Published online: 22 November 2006; | doi:10.1038/news061120-9

Human genome more variable than previously thought

Surprisingly large segments of DNA found to differ from person to person.

Helen Pearson

How alike are you and me? About 99.5%

Nearly six years after the sequence of the human genome was sketched out, one might assume that researchers had worked out what all that DNA means. But a new investigation has left them wondering just how similar one person's genome is to another's.

Geneticists have generally assumed that your string of DNA 'letters' is 99.9% identical to that of your neighbour's, with differences in the odd individual letter. These differences make each person genetically unique — influencing everything from appearance and personality to susceptibility to disease.

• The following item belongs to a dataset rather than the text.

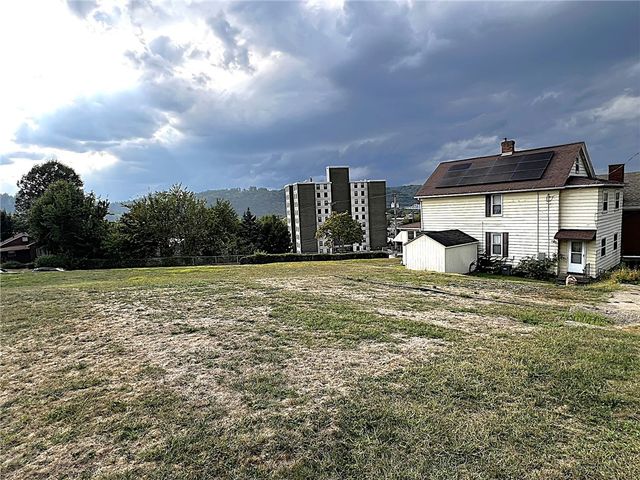 498 Elm Road, Ambridge, PA 15003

But hold on, say the authors of a new study published in Nature1. They have identified surprisingly large chunks of the genome that can differ dramatically from one person to the next. "Everyone has a unique pattern," says one of the lead authors, Matthew Hurles at the Wellcome Trust Sanger Institute in Cambridge, UK.

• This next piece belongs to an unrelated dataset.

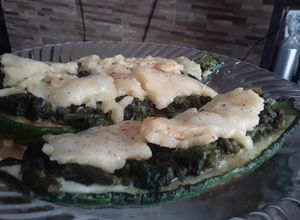 Una foto de Calabacines🥒 con espinacas🌿, pasas de uva🍇 y queso🧀...🤔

The differences in question - made up of stretches of DNA that span tens to hundreds of thousands of chemical letters — are called 'copy-number variants', or CNVs. Within a given stretch of DNA, one person may carry one copy of a DNA segment, another may have two, three or more. The region might be completely absent from a third person's genome. And sometimes the segments are shuffled up in different ways.


Same but different

3,080 million 'letters' of DNA in the human genome 22,205 genes, by one recent estimate 10 million single-letter changes (SNPs) — that's only 0.3% of the genome 1,447 copy-number variants, covering a surprisingly large 12% of the genome

About 99.5% similarity between two random people's DNA

They found nearly 1,500 such regions, taking up some 12% of the human genome. That doesn't mean that your DNA is 12% different from mine (or 88% similar), because any two people's DNA will differ at only a handful of these spots.

According to the team's back-of-the-envelope calculations, one person's DNA is probably 99.5% similar to their neighbour's. Or a bit less. "I've tried to do the calculation and it's very complicated," says Hurles. "It all depends on how you do the accounting."

The answer is also unclear because researchers think that there are many more variable blocks of sequence that are 10,000 or 1,000 letters long and were excluded from the current study. Because of limits with their methods, the new map mainly identified variable chunks larger than 50,000 letters long.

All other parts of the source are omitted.